The records section start
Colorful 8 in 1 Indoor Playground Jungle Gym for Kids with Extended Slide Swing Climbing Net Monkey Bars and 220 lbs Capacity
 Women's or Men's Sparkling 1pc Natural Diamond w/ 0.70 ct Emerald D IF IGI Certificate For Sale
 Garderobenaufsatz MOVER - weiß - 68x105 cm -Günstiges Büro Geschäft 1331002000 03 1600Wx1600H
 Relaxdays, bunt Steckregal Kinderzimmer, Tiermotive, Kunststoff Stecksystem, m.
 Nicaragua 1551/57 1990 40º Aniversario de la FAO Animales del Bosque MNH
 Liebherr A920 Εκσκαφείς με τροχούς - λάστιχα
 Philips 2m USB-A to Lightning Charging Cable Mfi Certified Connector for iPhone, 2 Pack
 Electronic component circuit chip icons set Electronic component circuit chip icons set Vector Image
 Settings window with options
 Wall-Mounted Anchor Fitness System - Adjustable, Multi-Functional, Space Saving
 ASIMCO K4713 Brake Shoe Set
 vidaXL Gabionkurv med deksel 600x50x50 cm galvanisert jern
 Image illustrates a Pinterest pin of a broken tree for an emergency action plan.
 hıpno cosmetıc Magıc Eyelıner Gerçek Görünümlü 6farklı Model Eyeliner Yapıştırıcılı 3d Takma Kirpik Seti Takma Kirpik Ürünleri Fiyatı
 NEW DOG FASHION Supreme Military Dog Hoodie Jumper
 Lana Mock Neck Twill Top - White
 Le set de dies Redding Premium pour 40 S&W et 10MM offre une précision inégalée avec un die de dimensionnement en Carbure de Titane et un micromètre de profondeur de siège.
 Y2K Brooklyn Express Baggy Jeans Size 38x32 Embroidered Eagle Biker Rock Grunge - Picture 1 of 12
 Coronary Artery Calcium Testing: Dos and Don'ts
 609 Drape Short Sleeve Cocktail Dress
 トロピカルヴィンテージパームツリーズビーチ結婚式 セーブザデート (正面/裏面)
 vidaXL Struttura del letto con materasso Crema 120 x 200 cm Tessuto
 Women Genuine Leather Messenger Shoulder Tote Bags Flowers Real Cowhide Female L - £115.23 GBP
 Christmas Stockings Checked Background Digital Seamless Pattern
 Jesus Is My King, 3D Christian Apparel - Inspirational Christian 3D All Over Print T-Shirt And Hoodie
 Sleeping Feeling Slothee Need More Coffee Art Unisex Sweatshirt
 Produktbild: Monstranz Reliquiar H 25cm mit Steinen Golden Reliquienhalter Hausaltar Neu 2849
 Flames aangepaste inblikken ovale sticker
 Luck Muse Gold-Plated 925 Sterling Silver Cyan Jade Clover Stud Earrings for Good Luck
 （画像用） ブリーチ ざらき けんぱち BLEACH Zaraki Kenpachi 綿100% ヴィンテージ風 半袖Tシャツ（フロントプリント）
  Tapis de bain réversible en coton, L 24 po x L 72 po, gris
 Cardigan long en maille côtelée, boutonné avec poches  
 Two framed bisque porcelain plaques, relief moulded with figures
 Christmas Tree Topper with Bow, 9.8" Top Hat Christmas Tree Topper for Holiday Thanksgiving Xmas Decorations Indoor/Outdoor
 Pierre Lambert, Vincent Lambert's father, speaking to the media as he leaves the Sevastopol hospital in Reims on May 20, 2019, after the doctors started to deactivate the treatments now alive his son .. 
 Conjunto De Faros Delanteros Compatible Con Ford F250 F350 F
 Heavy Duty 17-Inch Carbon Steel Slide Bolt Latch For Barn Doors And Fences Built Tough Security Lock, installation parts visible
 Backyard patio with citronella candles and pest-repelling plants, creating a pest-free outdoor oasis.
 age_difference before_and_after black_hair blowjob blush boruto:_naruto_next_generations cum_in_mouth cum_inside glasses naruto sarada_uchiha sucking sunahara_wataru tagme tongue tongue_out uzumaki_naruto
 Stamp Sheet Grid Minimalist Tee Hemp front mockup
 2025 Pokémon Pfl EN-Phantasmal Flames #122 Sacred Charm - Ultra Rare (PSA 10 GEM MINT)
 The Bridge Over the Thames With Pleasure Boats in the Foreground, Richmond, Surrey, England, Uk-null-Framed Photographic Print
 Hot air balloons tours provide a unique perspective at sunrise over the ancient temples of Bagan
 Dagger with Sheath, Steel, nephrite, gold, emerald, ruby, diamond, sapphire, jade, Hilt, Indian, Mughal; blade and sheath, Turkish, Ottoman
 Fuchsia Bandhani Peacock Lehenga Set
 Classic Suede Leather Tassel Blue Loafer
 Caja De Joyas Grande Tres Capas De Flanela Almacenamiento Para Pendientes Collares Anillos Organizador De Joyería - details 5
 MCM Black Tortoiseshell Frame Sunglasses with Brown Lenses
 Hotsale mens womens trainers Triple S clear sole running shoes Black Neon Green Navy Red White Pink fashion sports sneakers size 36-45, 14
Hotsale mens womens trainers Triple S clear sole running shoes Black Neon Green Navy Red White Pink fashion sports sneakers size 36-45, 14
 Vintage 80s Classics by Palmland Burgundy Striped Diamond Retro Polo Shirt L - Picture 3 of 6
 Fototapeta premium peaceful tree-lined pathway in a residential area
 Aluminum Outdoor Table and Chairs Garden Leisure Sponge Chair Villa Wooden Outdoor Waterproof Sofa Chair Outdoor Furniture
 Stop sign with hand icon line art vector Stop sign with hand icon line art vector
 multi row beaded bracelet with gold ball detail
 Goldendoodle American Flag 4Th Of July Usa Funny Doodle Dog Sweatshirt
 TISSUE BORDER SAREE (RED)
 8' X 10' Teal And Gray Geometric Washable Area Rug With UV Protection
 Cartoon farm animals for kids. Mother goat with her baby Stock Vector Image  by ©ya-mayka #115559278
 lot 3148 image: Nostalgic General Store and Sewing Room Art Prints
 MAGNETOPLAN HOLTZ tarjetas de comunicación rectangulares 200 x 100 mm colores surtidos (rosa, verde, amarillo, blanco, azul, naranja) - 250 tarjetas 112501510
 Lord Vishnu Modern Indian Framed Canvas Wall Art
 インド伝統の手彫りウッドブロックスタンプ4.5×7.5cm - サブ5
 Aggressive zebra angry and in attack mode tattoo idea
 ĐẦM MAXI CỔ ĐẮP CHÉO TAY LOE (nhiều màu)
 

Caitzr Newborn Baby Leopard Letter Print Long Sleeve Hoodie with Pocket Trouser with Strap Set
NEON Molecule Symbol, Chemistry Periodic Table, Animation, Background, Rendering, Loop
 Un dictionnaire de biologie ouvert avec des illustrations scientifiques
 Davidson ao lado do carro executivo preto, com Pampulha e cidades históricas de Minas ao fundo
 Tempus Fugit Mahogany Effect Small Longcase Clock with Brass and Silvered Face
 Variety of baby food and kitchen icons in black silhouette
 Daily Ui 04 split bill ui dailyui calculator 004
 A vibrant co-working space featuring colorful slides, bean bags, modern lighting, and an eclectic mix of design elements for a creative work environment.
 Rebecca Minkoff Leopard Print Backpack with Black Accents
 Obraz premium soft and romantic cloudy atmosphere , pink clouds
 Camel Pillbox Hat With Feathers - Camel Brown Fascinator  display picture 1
The records section end
- Work to be completed -
Write out every record above, word for word.

- Expected output -
Colorful 8 in 1 Indoor Playground Jungle Gym for Kids with Extended Slide Swing Climbing Net Monkey Bars and 220 lbs Capacity
 Women's or Men's Sparkling 1pc Natural Diamond w/ 0.70 ct Emerald D IF IGI Certificate For Sale
 Garderobenaufsatz MOVER - weiß - 68x105 cm -Günstiges Büro Geschäft 1331002000 03 1600Wx1600H
 Relaxdays, bunt Steckregal Kinderzimmer, Tiermotive, Kunststoff Stecksystem, m.
 Nicaragua 1551/57 1990 40º Aniversario de la FAO Animales del Bosque MNH
 Liebherr A920 Εκσκαφείς με τροχούς - λάστιχα
 Philips 2m USB-A to Lightning Charging Cable Mfi Certified Connector for iPhone, 2 Pack
 Electronic component circuit chip icons set Electronic component circuit chip icons set Vector Image
 Settings window with options
 Wall-Mounted Anchor Fitness System - Adjustable, Multi-Functional, Space Saving
 ASIMCO K4713 Brake Shoe Set
 vidaXL Gabionkurv med deksel 600x50x50 cm galvanisert jern
 Image illustrates a Pinterest pin of a broken tree for an emergency action plan.
 hıpno cosmetıc Magıc Eyelıner Gerçek Görünümlü 6farklı Model Eyeliner Yapıştırıcılı 3d Takma Kirpik Seti Takma Kirpik Ürünleri Fiyatı
 NEW DOG FASHION Supreme Military Dog Hoodie Jumper
 Lana Mock Neck Twill Top - White
 Le set de dies Redding Premium pour 40 S&W et 10MM offre une précision inégalée avec un die de dimensionnement en Carbure de Titane et un micromètre de profondeur de siège.
 Y2K Brooklyn Express Baggy Jeans Size 38x32 Embroidered Eagle Biker Rock Grunge - Picture 1 of 12
 Coronary Artery Calcium Testing: Dos and Don'ts
 609 Drape Short Sleeve Cocktail Dress
 トロピカルヴィンテージパームツリーズビーチ結婚式 セーブザデート (正面/裏面)
 vidaXL Struttura del letto con materasso Crema 120 x 200 cm Tessuto
 Women Genuine Leather Messenger Shoulder Tote Bags Flowers Real Cowhide Female L - £115.23 GBP
 Christmas Stockings Checked Background Digital Seamless Pattern
 Jesus Is My King, 3D Christian Apparel - Inspirational Christian 3D All Over Print T-Shirt And Hoodie
 Sleeping Feeling Slothee Need More Coffee Art Unisex Sweatshirt
 Produktbild: Monstranz Reliquiar H 25cm mit Steinen Golden Reliquienhalter Hausaltar Neu 2849
 Flames aangepaste inblikken ovale sticker
 Luck Muse Gold-Plated 925 Sterling Silver Cyan Jade Clover Stud Earrings for Good Luck
 （画像用） ブリーチ ざらき けんぱち BLEACH Zaraki Kenpachi 綿100% ヴィンテージ風 半袖Tシャツ（フロントプリント）
  Tapis de bain réversible en coton, L 24 po x L 72 po, gris
 Cardigan long en maille côtelée, boutonné avec poches  
 Two framed bisque porcelain plaques, relief moulded with figures
 Christmas Tree Topper with Bow, 9.8" Top Hat Christmas Tree Topper for Holiday Thanksgiving Xmas Decorations Indoor/Outdoor
 Pierre Lambert, Vincent Lambert's father, speaking to the media as he leaves the Sevastopol hospital in Reims on May 20, 2019, after the doctors started to deactivate the treatments now alive his son .. 
 Conjunto De Faros Delanteros Compatible Con Ford F250 F350 F
 Heavy Duty 17-Inch Carbon Steel Slide Bolt Latch For Barn Doors And Fences Built Tough Security Lock, installation parts visible
 Backyard patio with citronella candles and pest-repelling plants, creating a pest-free outdoor oasis.
 age_difference before_and_after black_hair blowjob blush boruto:_naruto_next_generations cum_in_mouth cum_inside glasses naruto sarada_uchiha sucking sunahara_wataru tagme tongue tongue_out uzumaki_naruto
 Stamp Sheet Grid Minimalist Tee Hemp front mockup
 2025 Pokémon Pfl EN-Phantasmal Flames #122 Sacred Charm - Ultra Rare (PSA 10 GEM MINT)
 The Bridge Over the Thames With Pleasure Boats in the Foreground, Richmond, Surrey, England, Uk-null-Framed Photographic Print
 Hot air balloons tours provide a unique perspective at sunrise over the ancient temples of Bagan
 Dagger with Sheath, Steel, nephrite, gold, emerald, ruby, diamond, sapphire, jade, Hilt, Indian, Mughal; blade and sheath, Turkish, Ottoman
 Fuchsia Bandhani Peacock Lehenga Set
 Classic Suede Leather Tassel Blue Loafer
 Caja De Joyas Grande Tres Capas De Flanela Almacenamiento Para Pendientes Collares Anillos Organizador De Joyería - details 5
 MCM Black Tortoiseshell Frame Sunglasses with Brown Lenses
 Hotsale mens womens trainers Triple S clear sole running shoes Black Neon Green Navy Red White Pink fashion sports sneakers size 36-45, 14
Hotsale mens womens trainers Triple S clear sole running shoes Black Neon Green Navy Red White Pink fashion sports sneakers size 36-45, 14
 Vintage 80s Classics by Palmland Burgundy Striped Diamond Retro Polo Shirt L - Picture 3 of 6
 Fototapeta premium peaceful tree-lined pathway in a residential area
 Aluminum Outdoor Table and Chairs Garden Leisure Sponge Chair Villa Wooden Outdoor Waterproof Sofa Chair Outdoor Furniture
 Stop sign with hand icon line art vector Stop sign with hand icon line art vector
 multi row beaded bracelet with gold ball detail
 Goldendoodle American Flag 4Th Of July Usa Funny Doodle Dog Sweatshirt
 TISSUE BORDER SAREE (RED)
 8' X 10' Teal And Gray Geometric Washable Area Rug With UV Protection
 Cartoon farm animals for kids. Mother goat with her baby Stock Vector Image  by ©ya-mayka #115559278
 lot 3148 image: Nostalgic General Store and Sewing Room Art Prints
 MAGNETOPLAN HOLTZ tarjetas de comunicación rectangulares 200 x 100 mm colores surtidos (rosa, verde, amarillo, blanco, azul, naranja) - 250 tarjetas 112501510
 Lord Vishnu Modern Indian Framed Canvas Wall Art
 インド伝統の手彫りウッドブロックスタンプ4.5×7.5cm - サブ5
 Aggressive zebra angry and in attack mode tattoo idea
 ĐẦM MAXI CỔ ĐẮP CHÉO TAY LOE (nhiều màu)
 

Caitzr Newborn Baby Leopard Letter Print Long Sleeve Hoodie with Pocket Trouser with Strap Set
NEON Molecule Symbol, Chemistry Periodic Table, Animation, Background, Rendering, Loop
 Un dictionnaire de biologie ouvert avec des illustrations scientifiques
 Davidson ao lado do carro executivo preto, com Pampulha e cidades históricas de Minas ao fundo
 Tempus Fugit Mahogany Effect Small Longcase Clock with Brass and Silvered Face
 Variety of baby food and kitchen icons in black silhouette
 Daily Ui 04 split bill ui dailyui calculator 004
 A vibrant co-working space featuring colorful slides, bean bags, modern lighting, and an eclectic mix of design elements for a creative work environment.
 Rebecca Minkoff Leopard Print Backpack with Black Accents
 Obraz premium soft and romantic cloudy atmosphere , pink clouds
 Camel Pillbox Hat With Feathers - Camel Brown Fascinator  display picture 1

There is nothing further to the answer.